At first, we’d most likely think an event handler attached to a form submit would handle some sort of client-size sanitization or AJAX request, but upon closer inspection this is not the case for our button. Before digging deeper and figuring out what document.SelectForm.convptslt.selectedIndex even returns, we can take a look at this function and conclude that all it does is make sure that the user has indeed selected a dollar amount before submitting the form.

Any developer familiar with JavaScript would understand that document.SelectForm simply sets the SelectForm object as an attribute on the document object. Taking a look at the attributes defined on this SelectForm object you’ll notice two that stick out:

1. selectedIndex

   

2. selectedOptions

   

These attributes simply reflect which option the user has selected. Looking back at the CheckSelect() function:

if(document.SelectForm.convptslt.selectedIndex < 0) {
  alert( "please select a Purchase Increment before you click PURCHASE button");
  return false
}

This confirms that all this function does is confirm the user has selected an option before submitting the form. Bad news for BU, but great news for us. Seeing that the developers used inline javascript to attach this event handler it is most likely the only function that will be triggered on submission, which brings us to an answer….No client-side sanitization! 1 down, 1 to go. Now we’ll need to check to see if these developers decided to take the extra five minutes and sanitize input server-side. There’s only one way to do this - send some data that should return an error and check to see if it persists to the database.

Server-Side Sanitization

I don’t know about you, but I’m having a hell of a time. If we’re going to throw some data at this thing we might as well go big - like really fucking big. Given a BU student has added $0.00 to their account for this semester, the maximum they should be allowed to add is $1500.00. How about we double this amount?No, fuck that we said we’re going big. Let’s 67x this amount and chuck $100k at it - almost enough to pay for two semesters at BU with convenience points (haha). And this is exactly what we’ll do. Changing an input value to $100000.00, highlighting it to set SelectedOptions to it’s value, holding our breath, we’ll click PURCHASE..

HONS084: System error, #PURCHASE-AMOUNT expects a length of 8 but received 10. Parm num = 2 . Indexes=0 , 0, 0

Holy Shit.

Any developer handling server-side validation would have checked to make sure the submitted value is not > ($1500 - total_amount_purchased_this_semester), and redirected back to the form page displaying an error to the user. But this is different. This is an un-handled, default error. And thus we’ve confirmed it, no server-side sanitization.

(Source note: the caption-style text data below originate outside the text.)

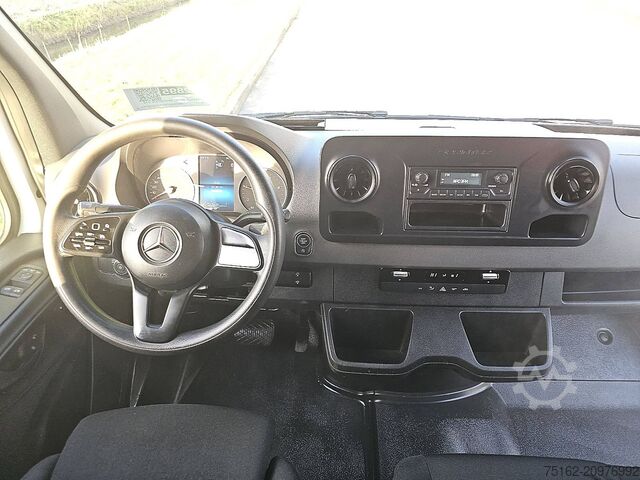 High-roof van MERCEDES-BENZ SPRINTER 519 ac automaat EURO6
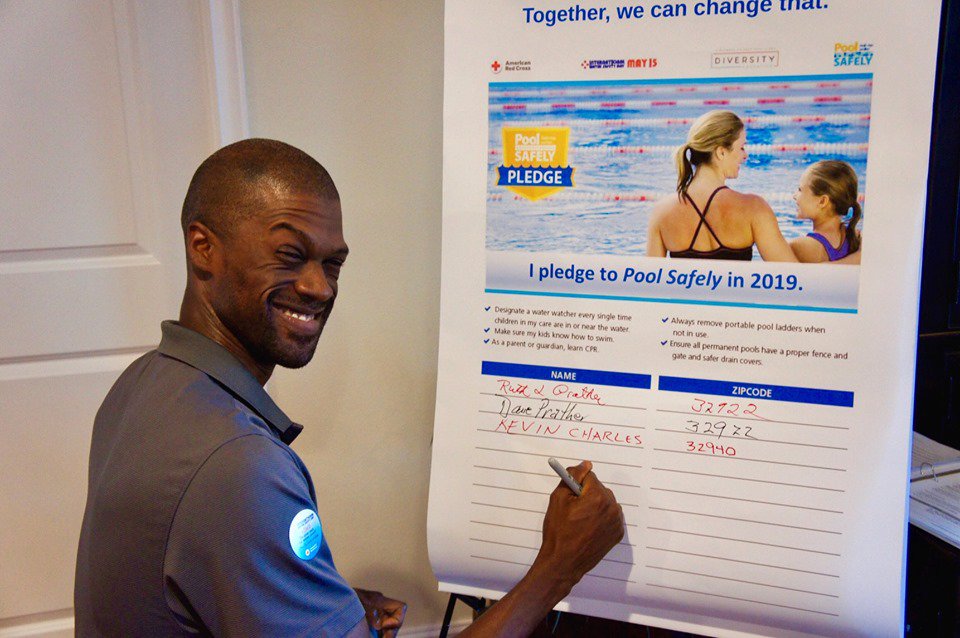 RedCrossNCGC's tweet image. This #InternationalWaterSafetyDay we invite you to join us in taking the pledge to practice lifesaving water safety habits. Visit poolsafely.gov/pledge/ &amp;amp; download the free water safety toolkit and make a commitment to encourage your family and friends to #PledgeItOn!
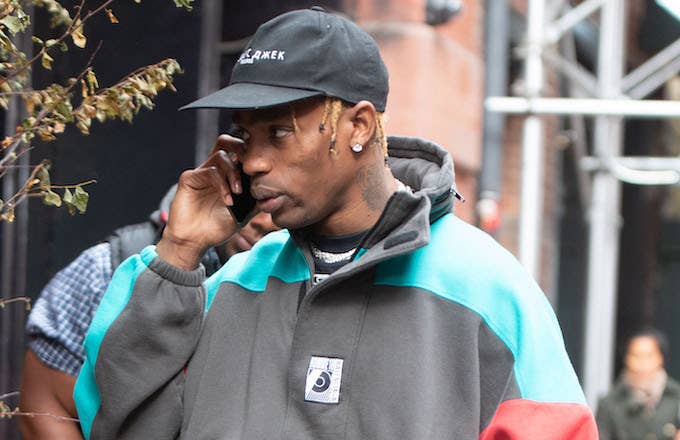 travis scott denies cheating on kylie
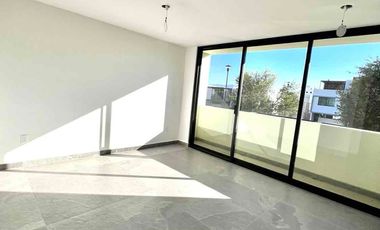 CASA NUEVA EN ZONA BOSQUES DE SANTA ANITA, DENTRO DE COTO FRENTE A ÁREA VERDE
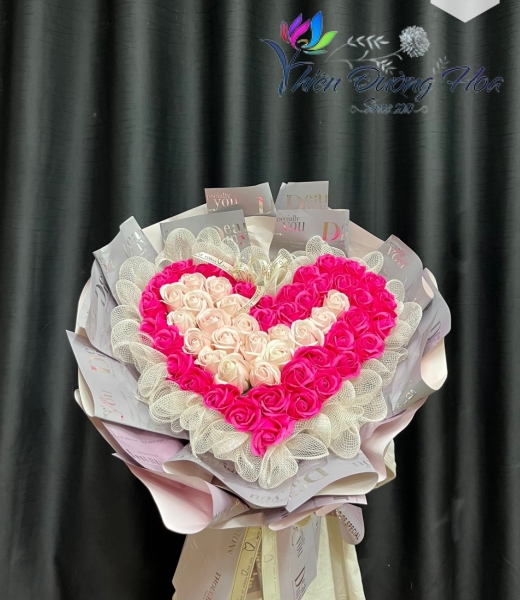 Trái tim màu hồng 02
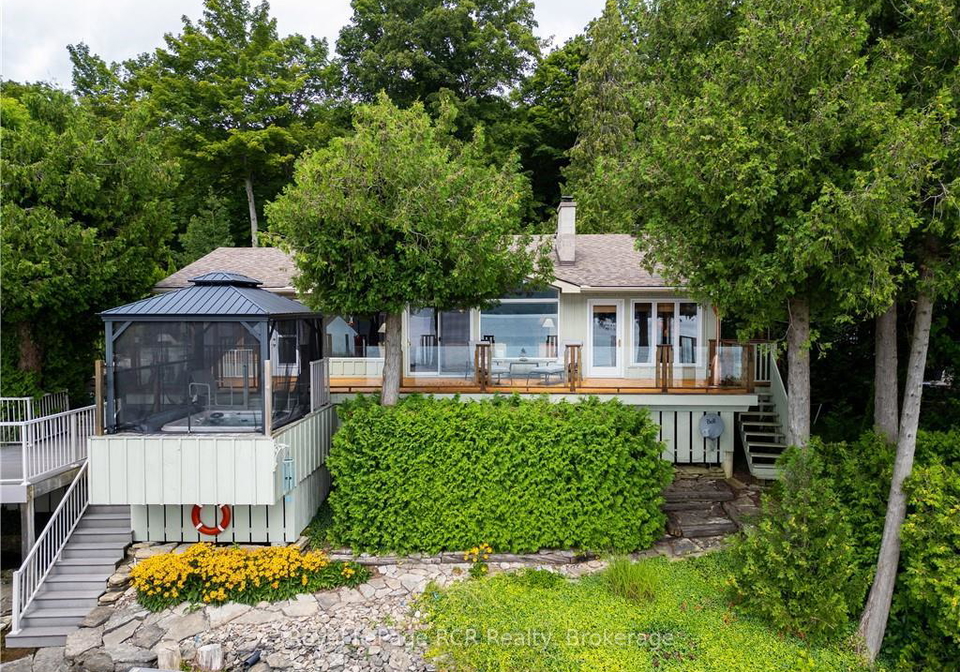 2-1st-avenue-south-bruce-peninsula-ontario-x12097845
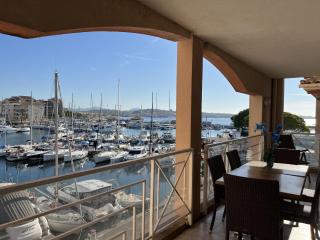 Cap Hermes 200 residence avec piscine et vue port - 1
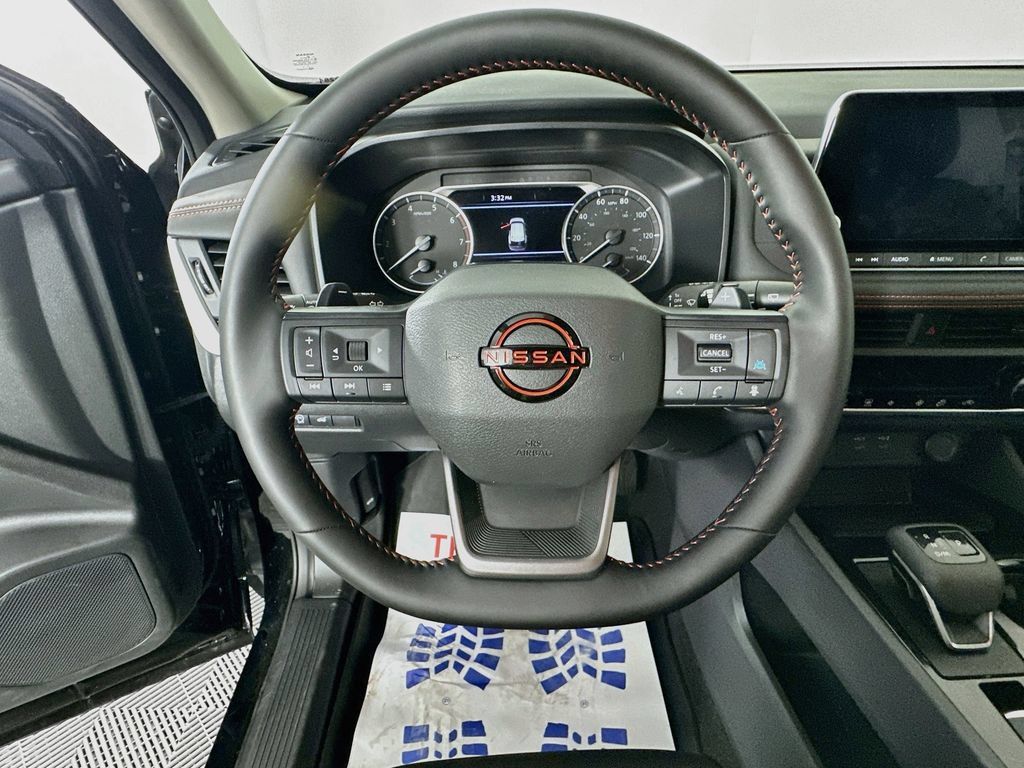 Certified 2026 Nissan Rogue SV AWD/4WD image 17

Errors can tell you much more than you’d expect. While we don’t know for sure if our thinking is correct, it seems pretty damn plausible.

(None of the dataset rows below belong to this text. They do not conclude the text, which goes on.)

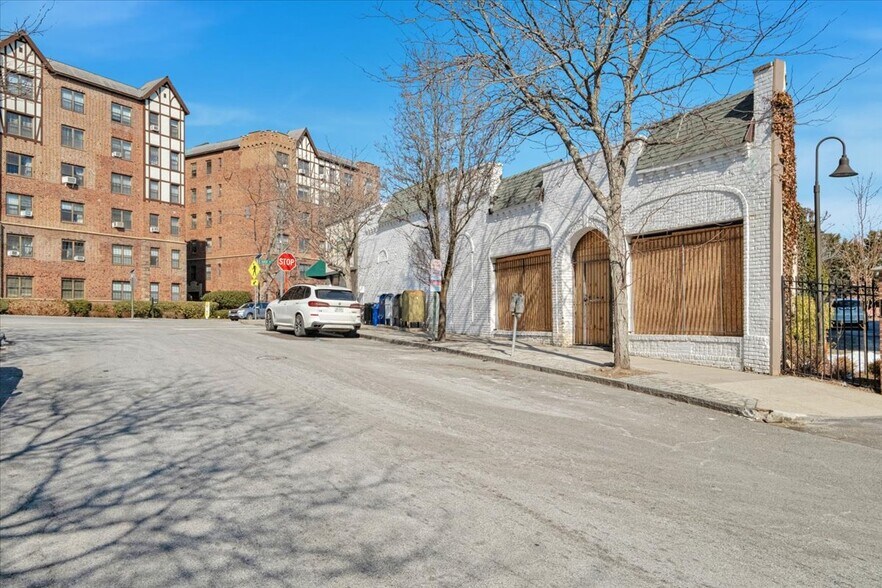 90 Garth Rd, Scarsdale, NY for lease - Building Photo - Image 2 of 9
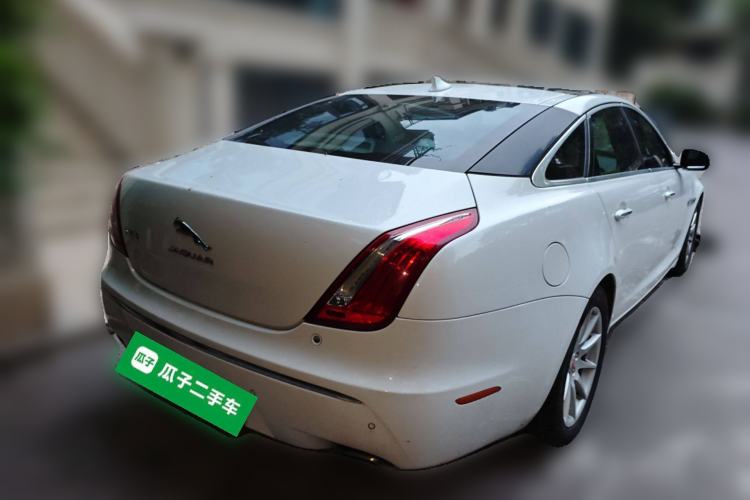 Used Jaguar XJ 2014 XJL 2.0T Two-Wheel-Drive Elegant Business Edition Rear Right 45 Deg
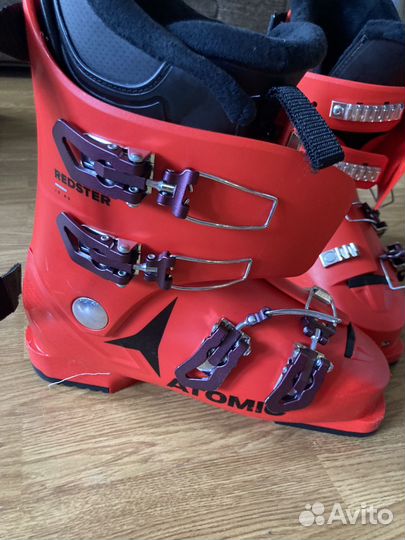 Горнолыжные ботинки atomic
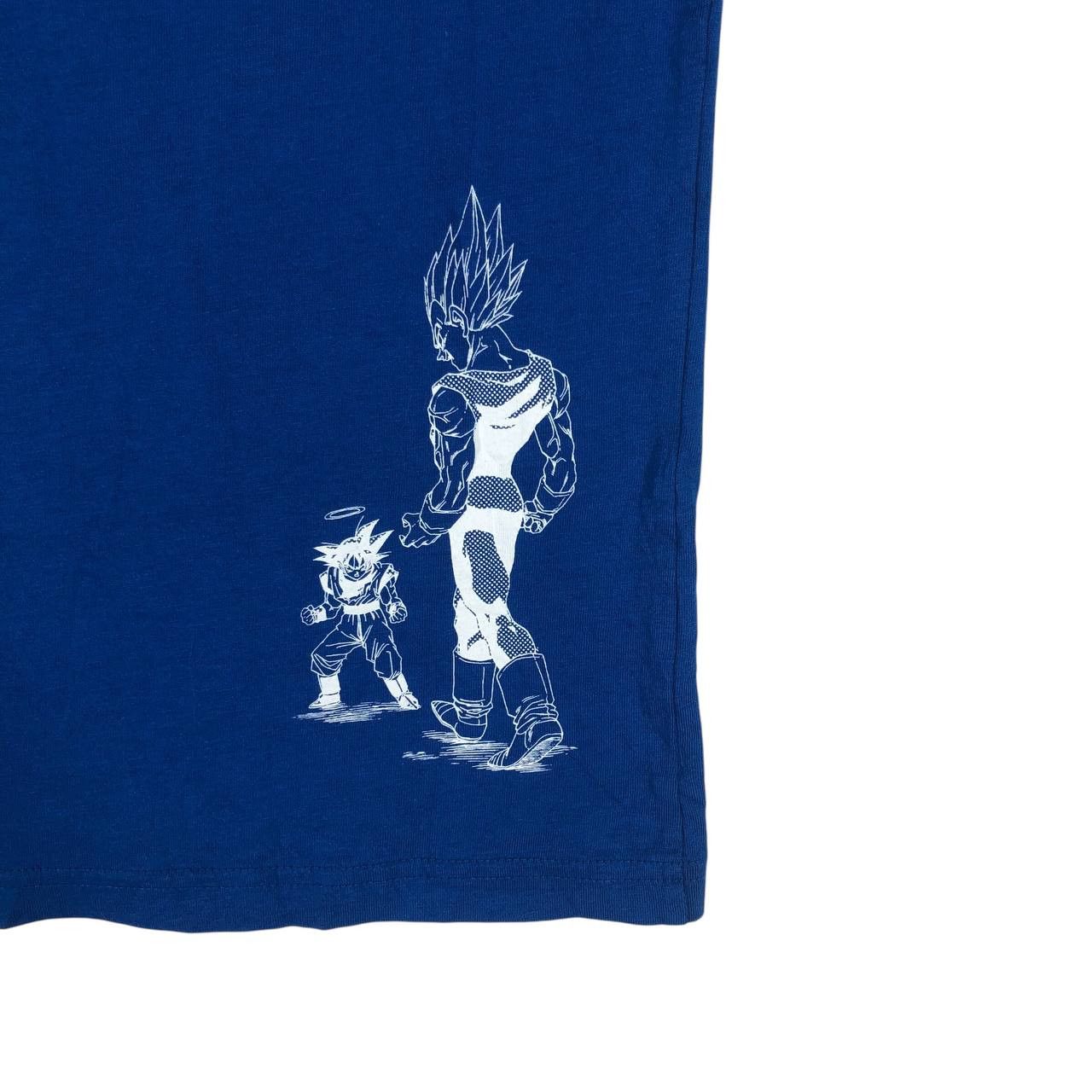 Uniqlo Uniqlo Dragon Ball T-Shirt Size US M / EU 48-50 / 2 - 7 Thumbnail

#PURCHASE-AMOUNT expects a length of 8 but received 10.

The error actually gave us the answer we’re looking for.

Checking the length of the form-data string sent to the server…

"$100000.00".length => 10

The error message says it expected a length of 10, but received 8. Therefore, let’s give it what it wants and send it a message with a length of 8.

“$9000.00”

Holding our breath once again…

fml.

“1000000” without dollar sign and period is also <= 8 characters. I’d love to try this amount, but at the moment its not really possible.

Stay Curious.

Check out FunnyMoney - a chrome extension I built to make this whole process much simpler. Just install the extension from the Chrome Web Store and now your student link will have options to purchase in increments of $1.00)

Follow up: I have informed BU Information Security of the issue and they are working on a fix.

The $9000.00 convenience points have been rebated, with this being said I don’t think anyone should add more than they’re permitted per semeter.